[Stored entries]

* * * * * * * * *

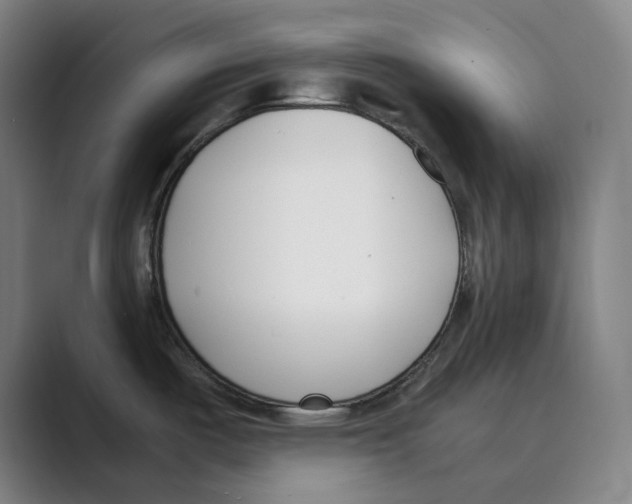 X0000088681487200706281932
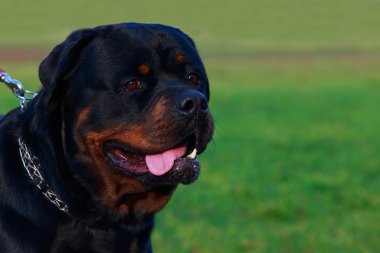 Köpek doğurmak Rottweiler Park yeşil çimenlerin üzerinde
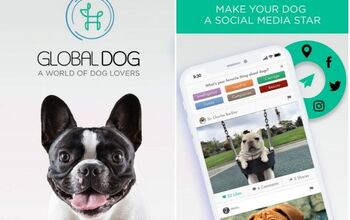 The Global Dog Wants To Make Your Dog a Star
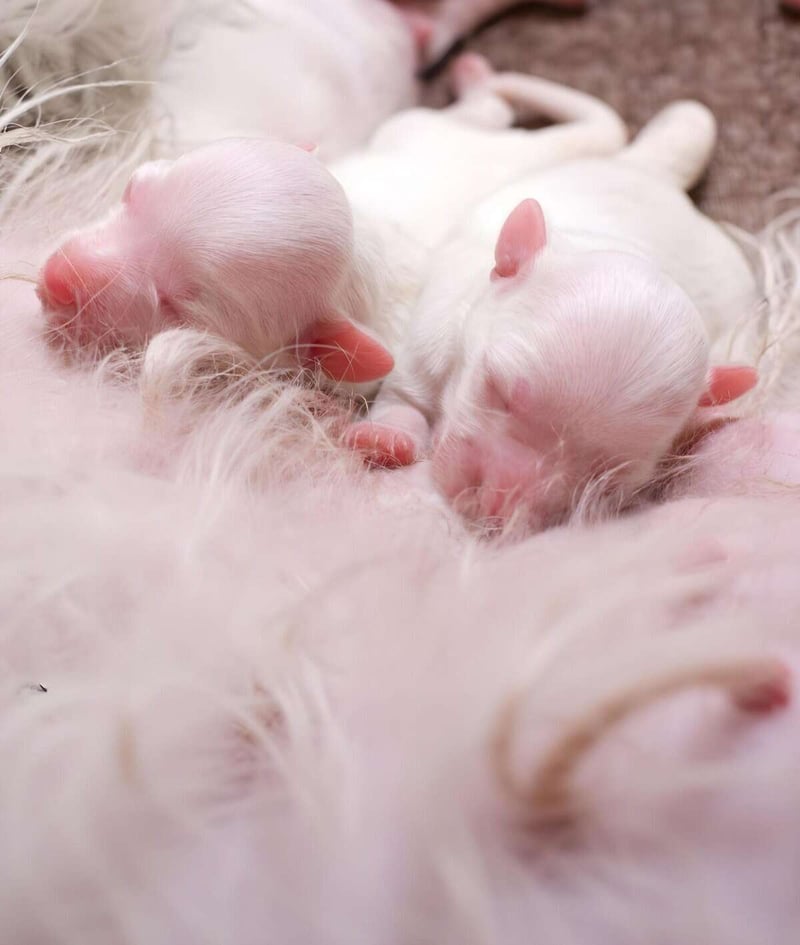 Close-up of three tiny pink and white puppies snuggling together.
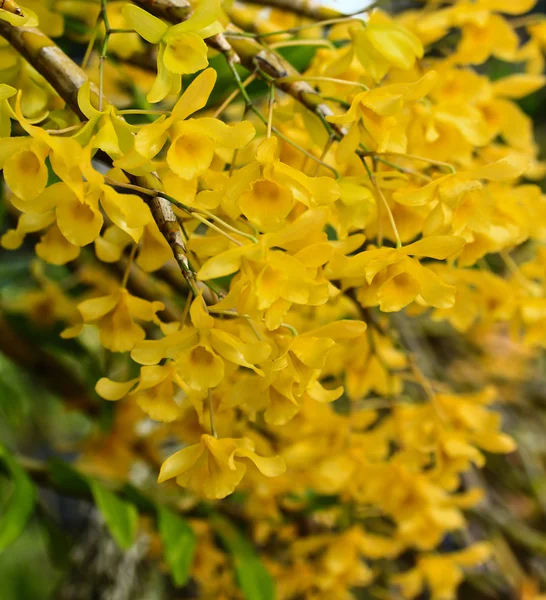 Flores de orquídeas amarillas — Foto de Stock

* * * * * * * * *

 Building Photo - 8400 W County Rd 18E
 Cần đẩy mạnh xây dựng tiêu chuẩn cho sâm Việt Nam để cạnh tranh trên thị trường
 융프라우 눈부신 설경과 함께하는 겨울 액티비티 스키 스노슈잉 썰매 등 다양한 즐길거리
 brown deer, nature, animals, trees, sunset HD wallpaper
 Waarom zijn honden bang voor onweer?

* * * * * * * * *

Exercise objective: Only one stretch of the data is wanted: write out exactly the lines from the one holding "The Global Dog Wants To Make Your Dog a Star" through the one holding "Flores de orquídeas", both included, without the pictures.

Written reply:
 The Global Dog Wants To Make Your Dog a Star
 Close-up of three tiny pink and white puppies snuggling together.
 Flores de orquídeas amarillas — Foto de Stock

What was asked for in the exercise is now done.